ACTIVITY
Print exactly what appears from the line containing "Apartment I Mirti" through the final line of the data below, pictures excluded.

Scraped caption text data
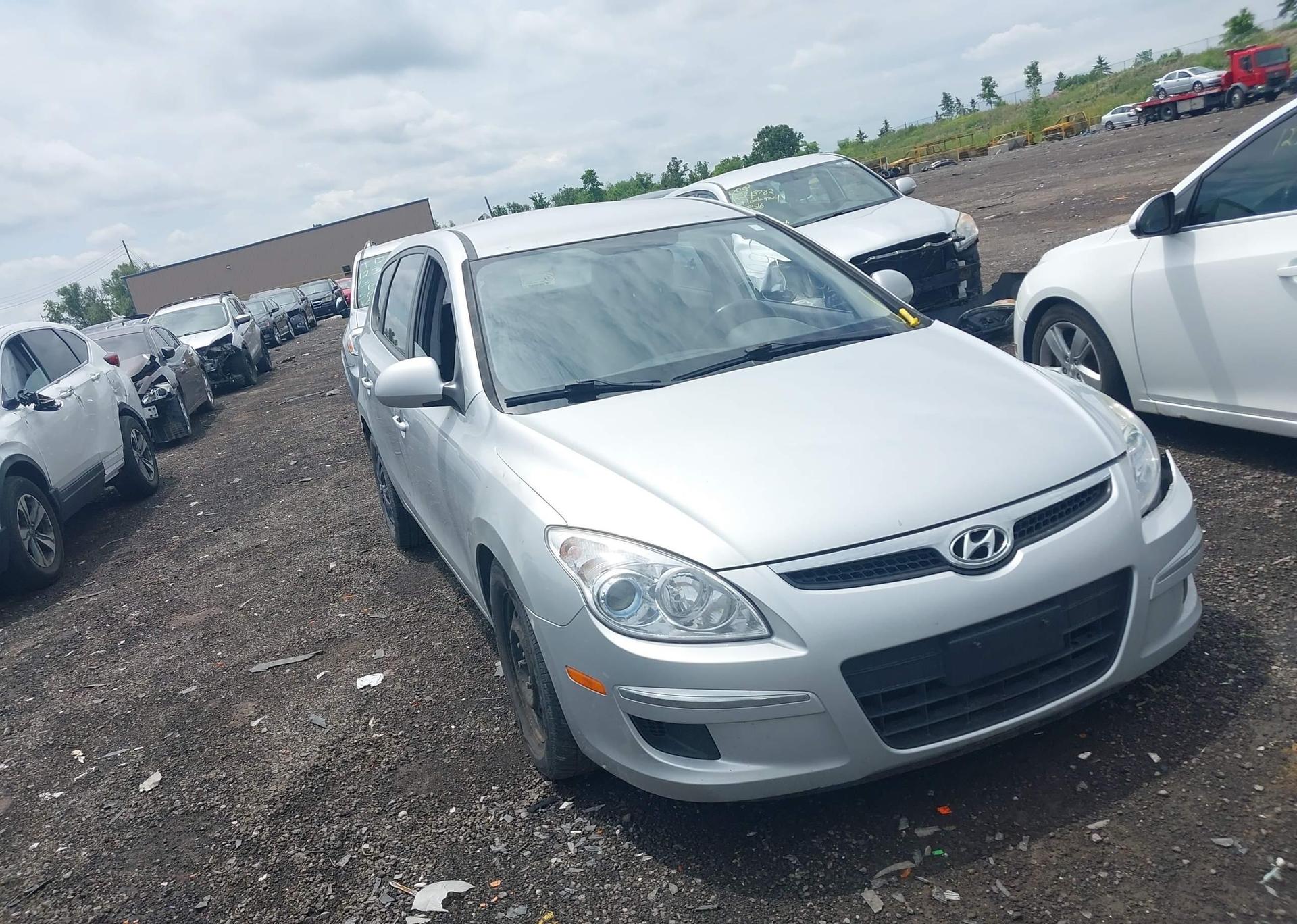 2012 HYUNDAI ELANTRA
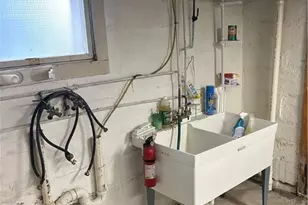 215 Cherry Ave, Houston, PA 15342 - Photo 13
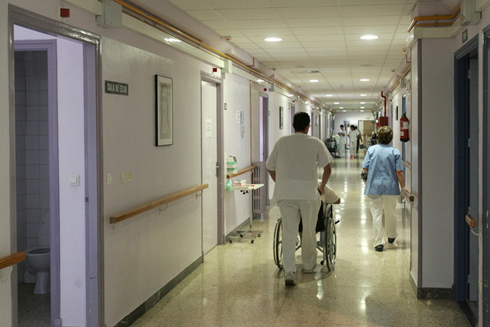El Hospital Clínic aumentó un 15 % sus intervenciones quirúrgicas en 2014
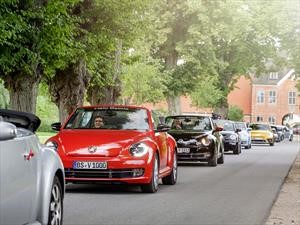 Volkswagen New Beetle festeja 20 años con una rodada muy especial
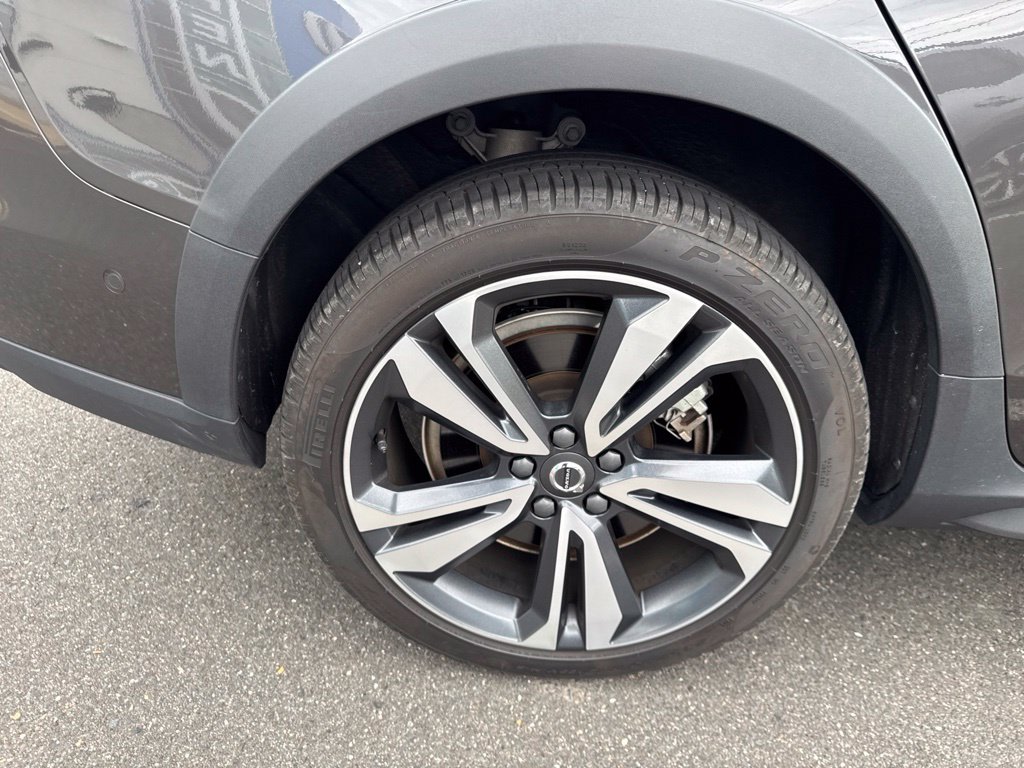 Thumbnail: 2025 Volvo V60 - 22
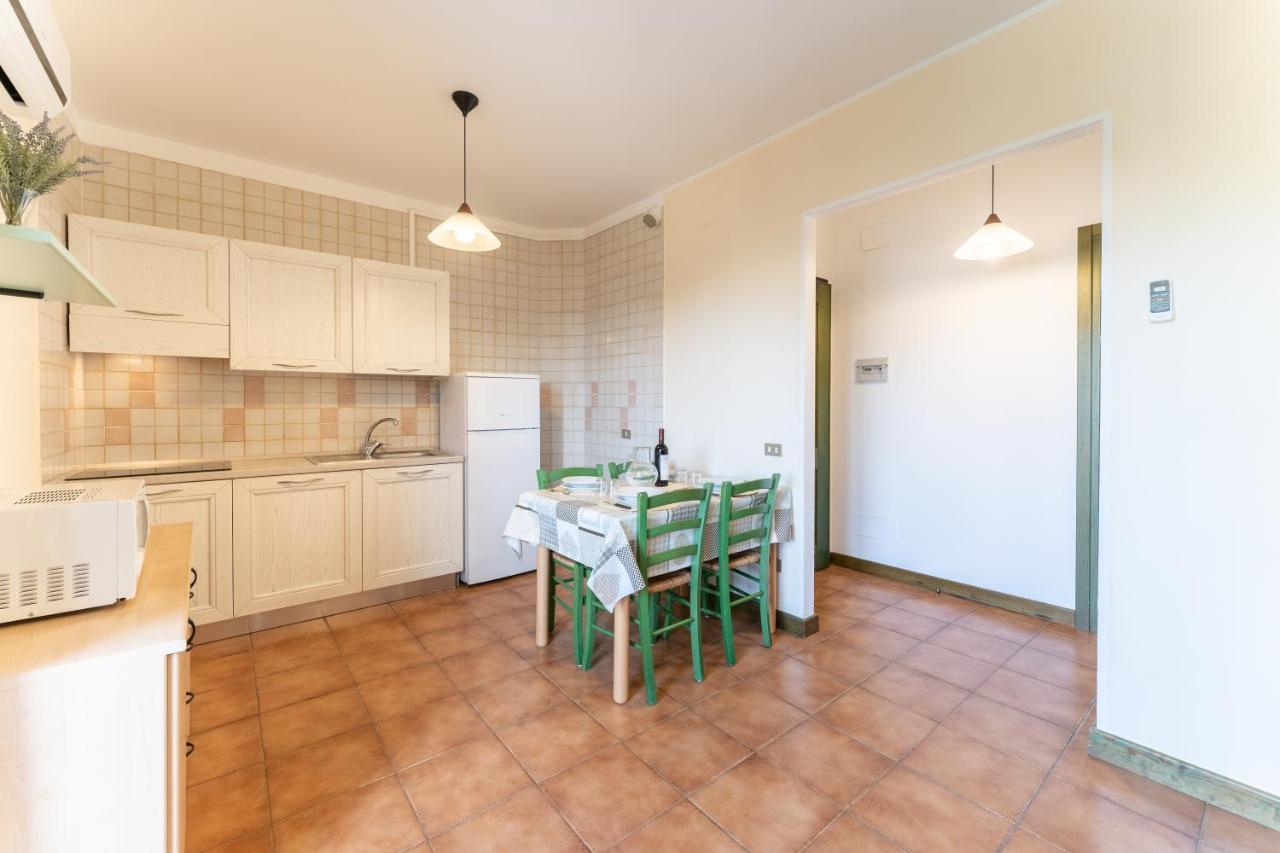 Apartment I Mirti Bianchi - Bilo 4 By Interhome Santa Teresa Gallura Bagian luar foto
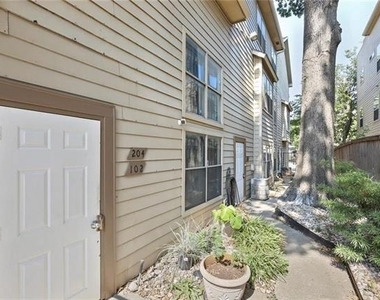 2728 Reagan Street - Photo Thumbnail 12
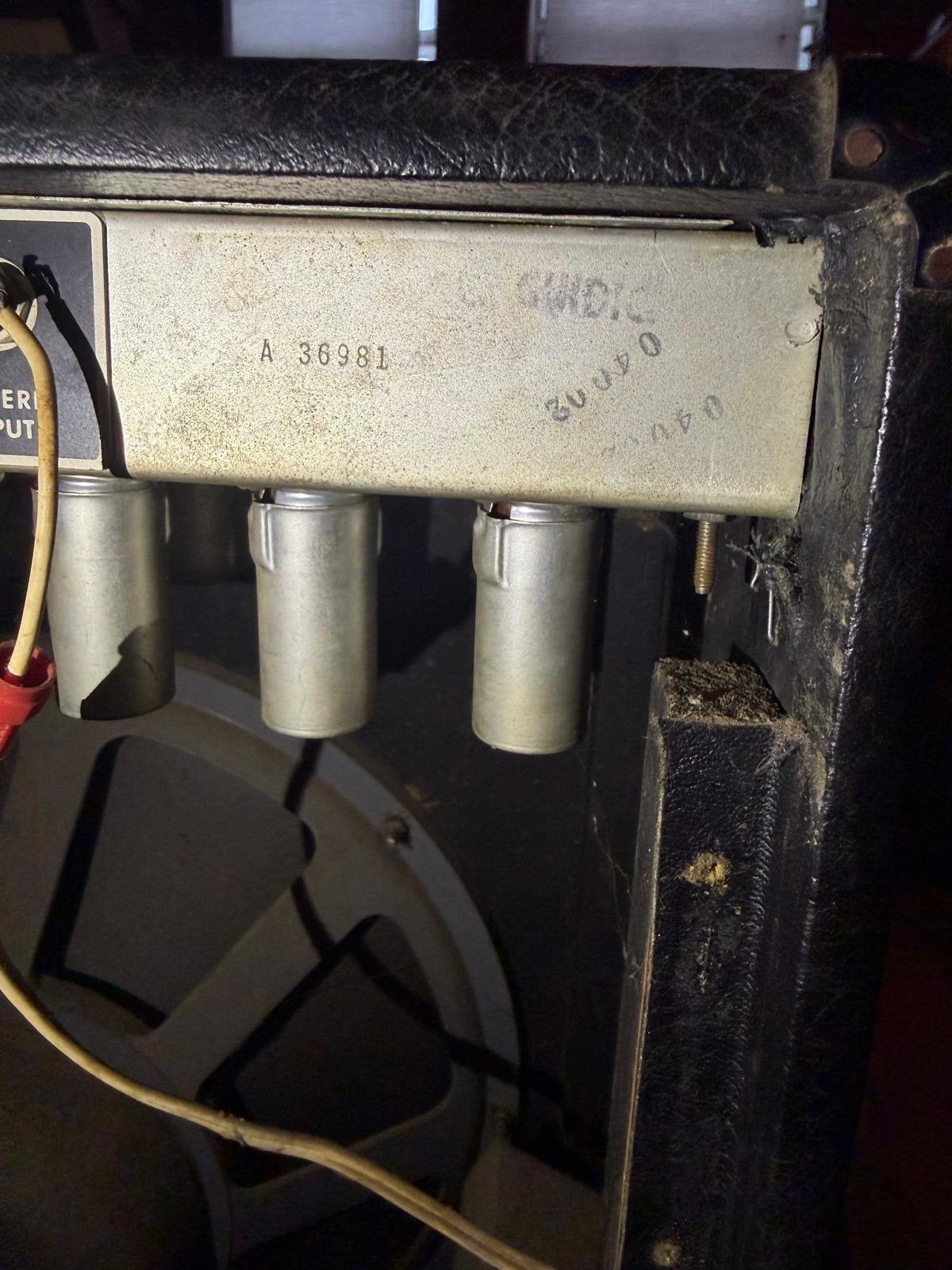 Foto 5 van Fender silvervace  Twin Reverb 2x15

ANSWER SPACE
 Apartment I Mirti Bianchi - Bilo 4 By Interhome Santa Teresa Gallura Bagian luar foto
 2728 Reagan Street - Photo Thumbnail 12
 Foto 5 van Fender silvervace  Twin Reverb 2x15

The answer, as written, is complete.